Сейчас, вспоминая это удивительное знакомство, я понимаю, что человек, который почти четыре года значился в моём телефоне как «Саня Коммунист», вторгся в мою жизнь совершенно сказочным образом. Он появился, как неизбежное и как должное — он просто вырос из тротуара Кутузовского проспекта, под жёлтым снегом, под бледным фонарём, и пошёл мне навстречу — сутулый, больной, в потёртой кожаной куртке. И поравнявшись со мной, сказал:
— О, девка.

Потом я долго от него отмахивалась: упрямо шла по проспекту, а он тащился за мной и пьяно подвывал: ну, чего ты, бабень, кочевряжишься, пойдём вместе пить-гулять. Я то молчала, то раздражалась и просила отвалить. Он злился и кричал, что я «глупая проблядь». И вдруг, ни с того ни с сего, сообщил, что в доме под номером двадцать шесть жил Брежнев, а затем и Андропов, а также настоятельно порекомендовал обратить внимание на лепнину дома под номером двадцать три.

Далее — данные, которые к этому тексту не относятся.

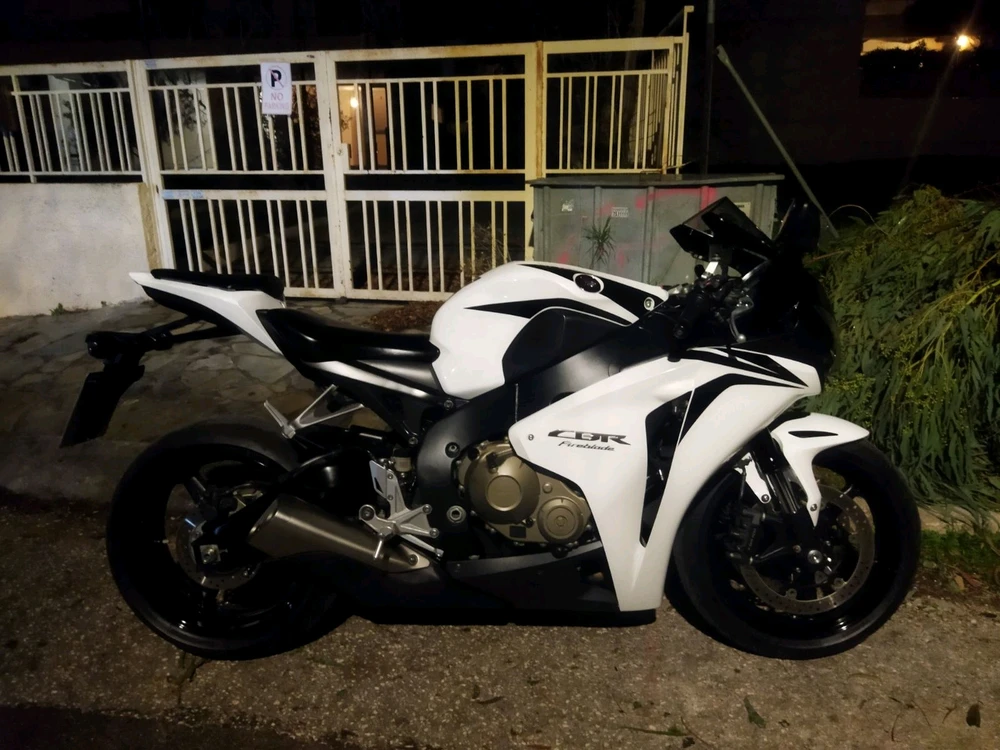 GIF ανέβηκε από Thomas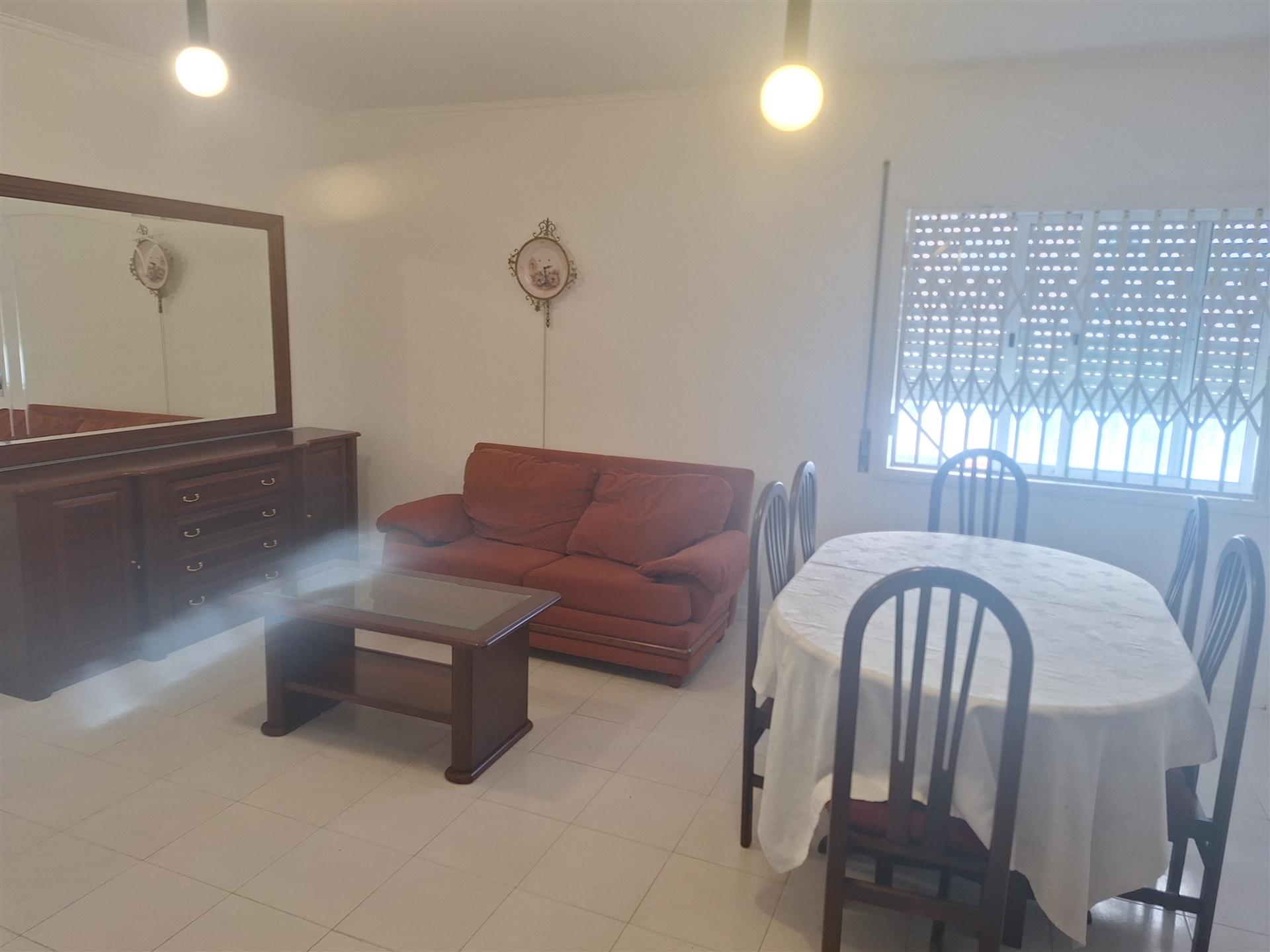 CPM20525 Apartamento T2 mobilado e equipado  V N Gaia perto Metro Manuel Leão a 2 km Santo Ovídio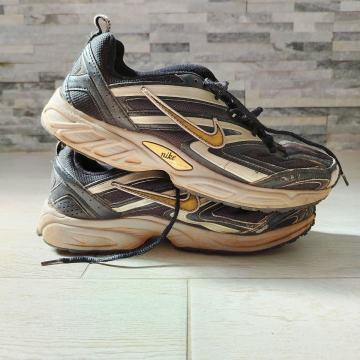 Nike tenisice broj 44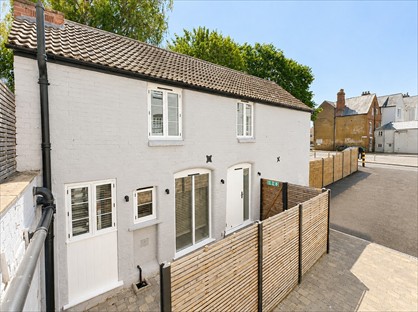 1 bed semi-detached house for rent in 1 Bed Semi-Detached House, East St, HR1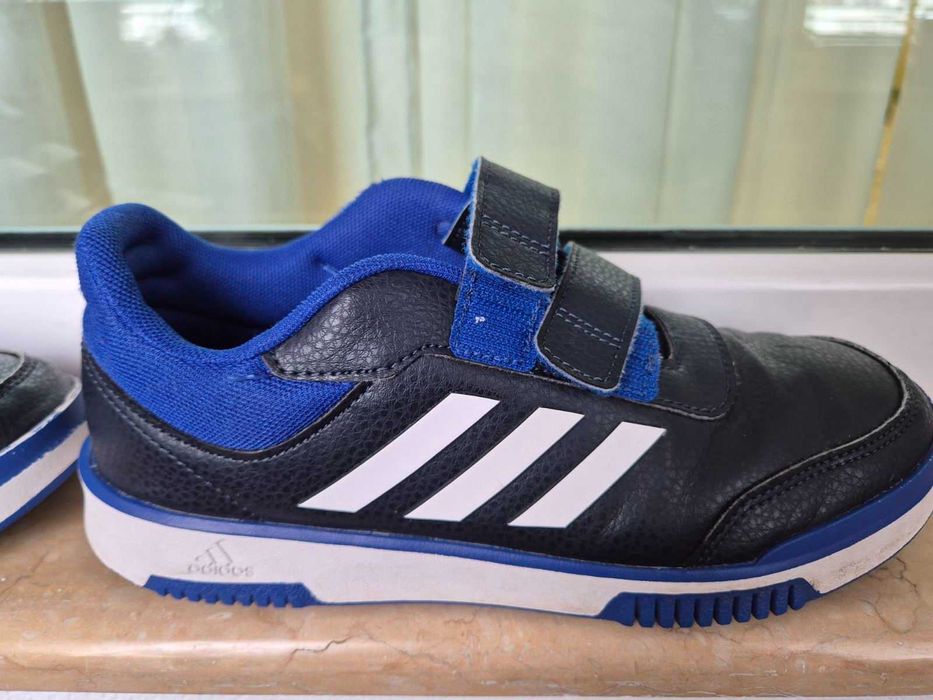 Маратонки Адидас 38 номер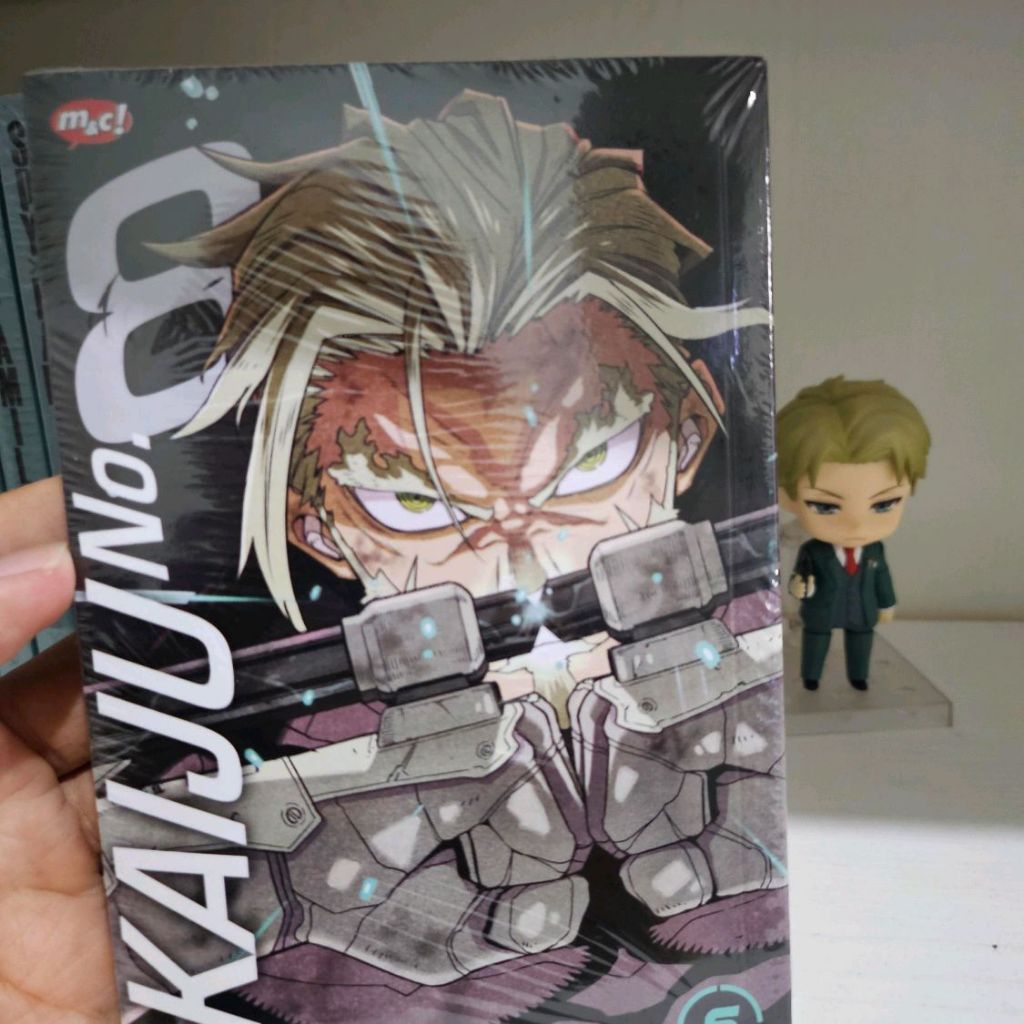 Komik Kaiju No. 8 Vol 6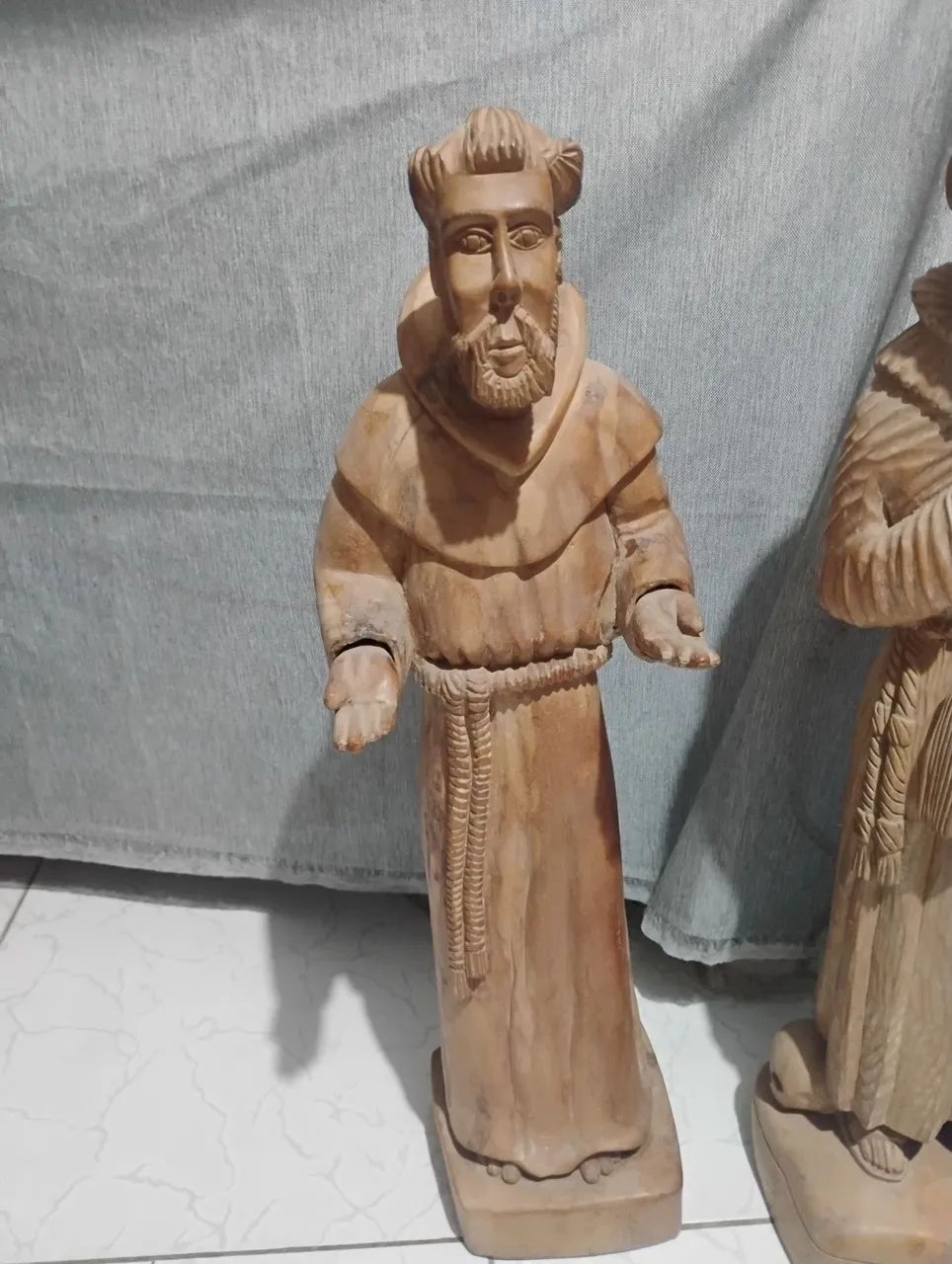 Esculturas religiosas em madeira  - Foto 2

То есть было это, разумеется, как-то так:
— Идёт она! Вот хули идёт! Ты хоть по сторонам смотри, дура! Смотри, где идёшь-то! Хоть голову подними: смотри, какой дом… ну вон-вон, смотри, как балконы украшены! Вот! А если б не я, то так бы и не увидела! Вы, бля буду, все такие — срали на великое прошлое.

И вот уже как-то так вышло, что мы пошли рядом, что я что-то спрашивала, а он отвечал со всеми этими «бля буду», а я смеялась. И когда мы почти достигли моего общежития, он сказал мне:
— Да ладно тебе, пошли посидим.

И указал на кабак, который находился во дворе моего дома и который я никогда раньше не замечала — что удивительно, потому что шум вокруг этого заведения стоял ужасный, хлипкие двери то открывались, то закрывались, впуская и выпуская пьяных людей в кожаных куртках, которые очень громко, на всю улицу сообщали, что они бля будут и что-то там в рот ебали.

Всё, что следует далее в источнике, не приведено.